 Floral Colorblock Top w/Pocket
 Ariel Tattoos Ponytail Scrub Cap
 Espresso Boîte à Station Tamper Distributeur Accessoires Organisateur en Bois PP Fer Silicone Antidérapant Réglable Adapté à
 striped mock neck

...

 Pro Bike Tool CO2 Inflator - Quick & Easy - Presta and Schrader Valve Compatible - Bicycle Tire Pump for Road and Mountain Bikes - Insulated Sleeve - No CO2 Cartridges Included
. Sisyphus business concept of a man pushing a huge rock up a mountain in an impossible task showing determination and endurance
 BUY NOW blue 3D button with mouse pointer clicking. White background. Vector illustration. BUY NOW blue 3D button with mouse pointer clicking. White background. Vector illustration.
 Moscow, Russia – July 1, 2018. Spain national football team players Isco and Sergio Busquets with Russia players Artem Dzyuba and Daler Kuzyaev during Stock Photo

...

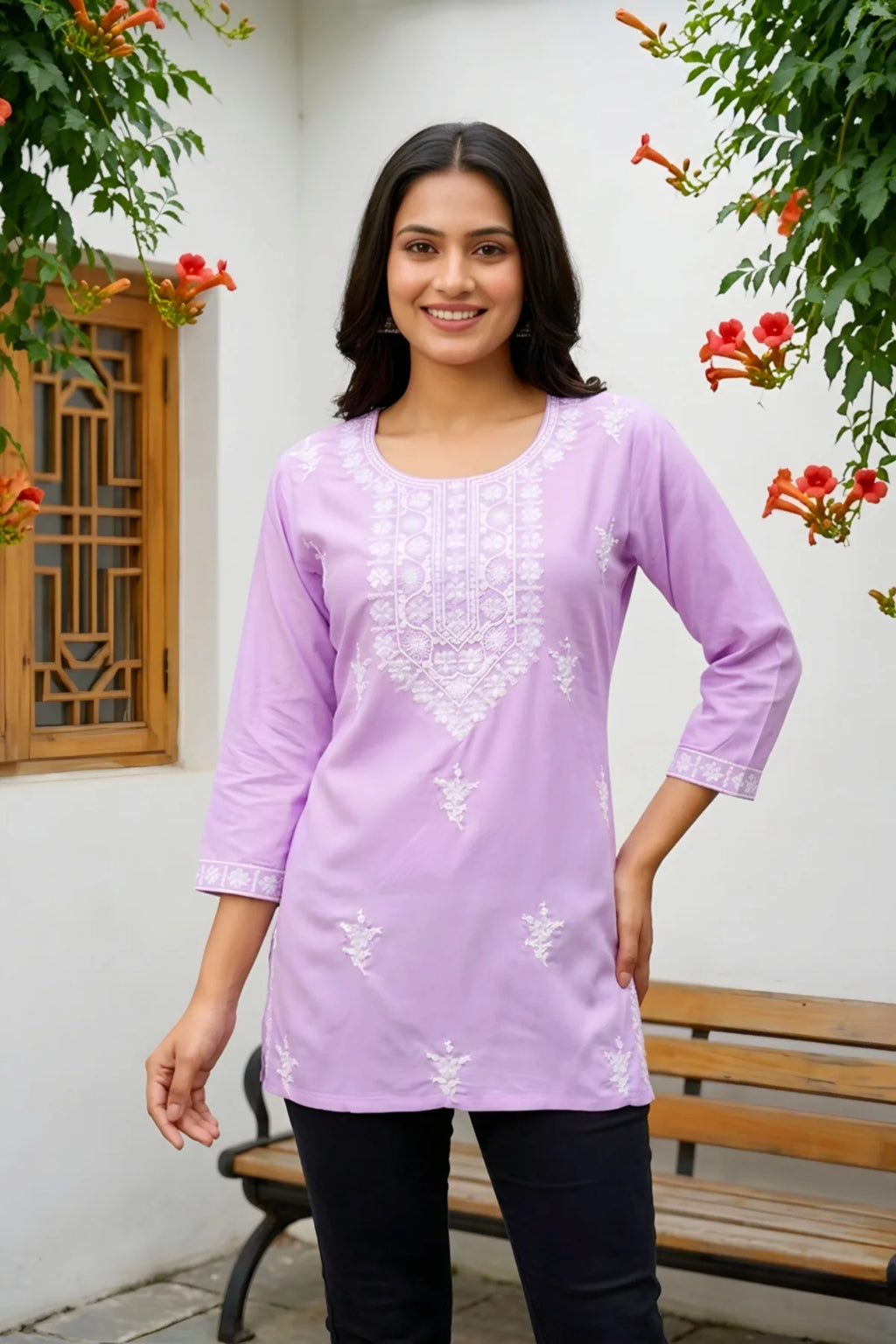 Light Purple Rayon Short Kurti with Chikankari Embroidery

### Task item
In the material above, find the line containing "Floral Colorblock Top w/Pocket" and the line containing "striped mock neck", then write out exactly those two lines and every line between them, and nothing more.

### Answer section
 Floral Colorblock Top w/Pocket
 Ariel Tattoos Ponytail Scrub Cap
 Espresso Boîte à Station Tamper Distributeur Accessoires Organisateur en Bois PP Fer Silicone Antidérapant Réglable Adapté à
 striped mock neck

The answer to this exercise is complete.